本発明の酸素還元触媒は、良好な初期性能を有し、かつ起動停止耐久性に優れる。本発明の酸素還元触媒の製造方法は、前記酸素還元触媒を効率よく製造することができる。
図1は、比較例12で使用した反応器(1)の模式図である。 図2(a)は実施例1で得られた触媒(1)の透過型電子顕微鏡像である。図2(b)は実施例6で得られた触媒(6)の透過型電子顕微鏡像である。

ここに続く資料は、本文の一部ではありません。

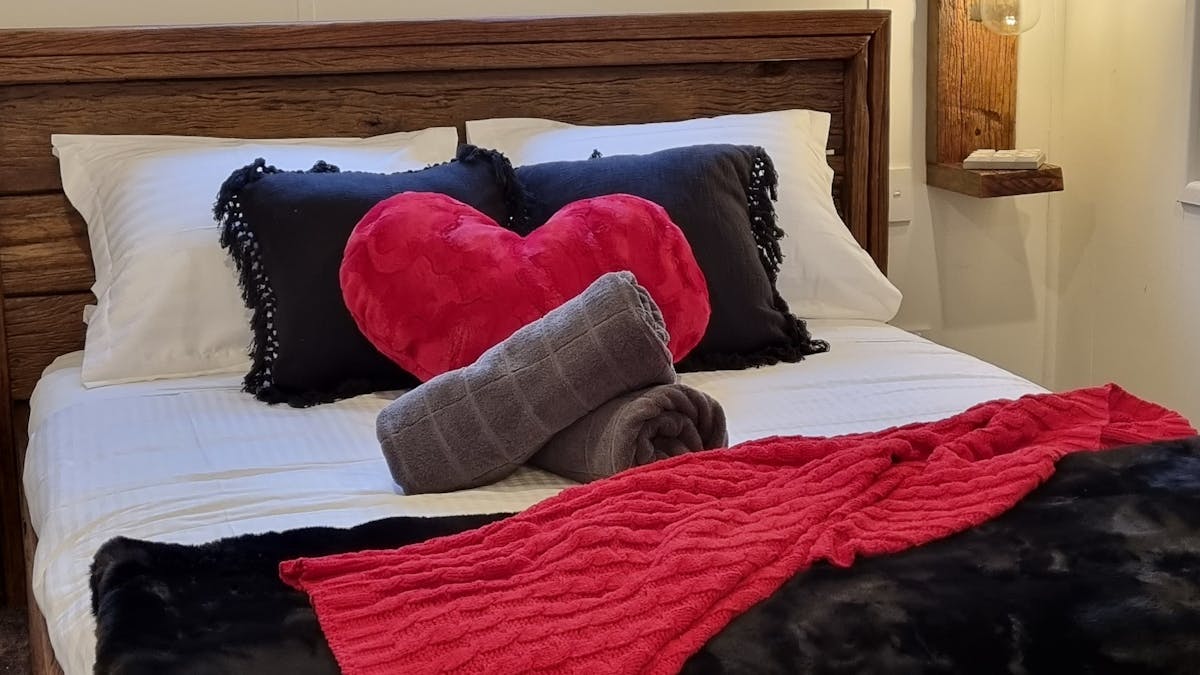 Romancealot cabin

図2(c)は比較例2で得られた触媒(9)の透過型電子顕微鏡像である。 図3は実施例1で得られた触媒(1)の粉末X線回折パターンである。 図4は、起動停止耐久性試験において印加した三角波電位サイクルを表わす、時間と電圧との関係を示す図である。
<酸素還元触媒>
本発明に係る酸素還元触媒は、チタン化合物の一次粒子がカーボンの構造体中に分散した複合粒子を含む酸素還元触媒であって、
チタン、炭素、窒素、および酸素を構成元素として有し、前記各元素の原子数の比が、チタンを1とした場合に、炭素が2より大きく5以下、窒素が0より大きく1以下、酸素が1以上3以下であり、
かつラマンスペクトルにおけるDバンドのピーク強度の、Gバンドのピーク強度に対する強度比(D/G比)が0.4〜1.0である。

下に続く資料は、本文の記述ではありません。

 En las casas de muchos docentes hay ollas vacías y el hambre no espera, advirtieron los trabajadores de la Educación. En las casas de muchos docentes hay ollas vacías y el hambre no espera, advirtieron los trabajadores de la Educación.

複合粒子は、チタン、炭素、窒素、および酸素を構成元素として有し、第二の金属元素M2を含んでも良い。炭素、窒素、および酸素の原子数の比は、チタンを1とした場合に、炭素の比が2より大きく5以下、好ましくは2.5〜5、より好ましくは3〜5であり、窒素の比が0より大きく1以下、好ましくは0.01〜0.4、より好ましくは0.02〜0.2であり、酸素の比が1〜3、好ましくは1〜2.5、より好ましくは1.2〜2.2である。各元素の比が前記範囲内であると、酸素還元触媒の初期性能が良好になり、かつ起動停止耐久性が良好になる。
複合粒子は、第二の金属元素M2を含むと、酸素還元触媒の性能が向上する。第二の金属元素M2としては、たとえば鉄、ニッケル、クロム、コバルトおよびマンガンから選ばれる少なくとも1種を挙げることができ、これらの中でもコストと触媒の性能とのバランスの観点から、鉄およびクロムが好ましく、鉄が特に好ましい。M2のチタンに対する原子数の比は好ましくは0.3以下であり、より好ましくは0.05〜0.2である。M2のチタンに対する原子数の比が前記範囲であると酸素還元触媒の性能がより高まる。

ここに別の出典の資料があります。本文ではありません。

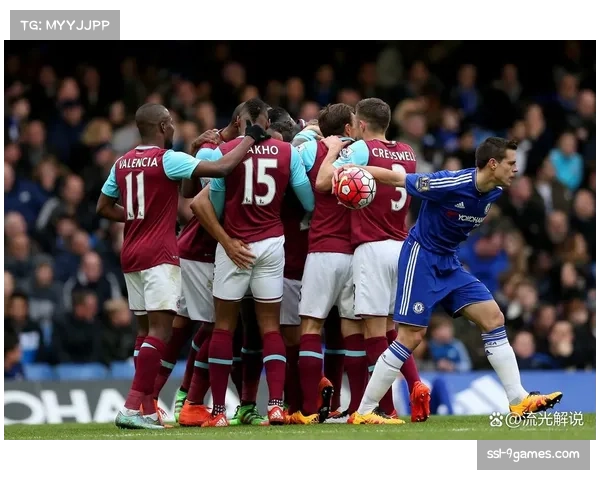 战术趋势回顾：追溯2025-26赛季英超“4222阵型”复兴与其中的双后腰配置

複合粒子は、ラマンスペクトルにおけるDバンドのピーク強度の、Gバンドのピーク強度に対する強度比(D/G比)が0.4〜1.0、好ましくは0.5〜0.95、より好ましくは0.6〜0.9である。D/G比が1.0以下であると、酸素還元触媒の初期性能が良好になり、かつ起動停止耐久性が良好になる。D/G比が0.4より小さくても良好な初期性能および良好な起動停止耐久性は得られるが、費用対効果の観点から有効でない。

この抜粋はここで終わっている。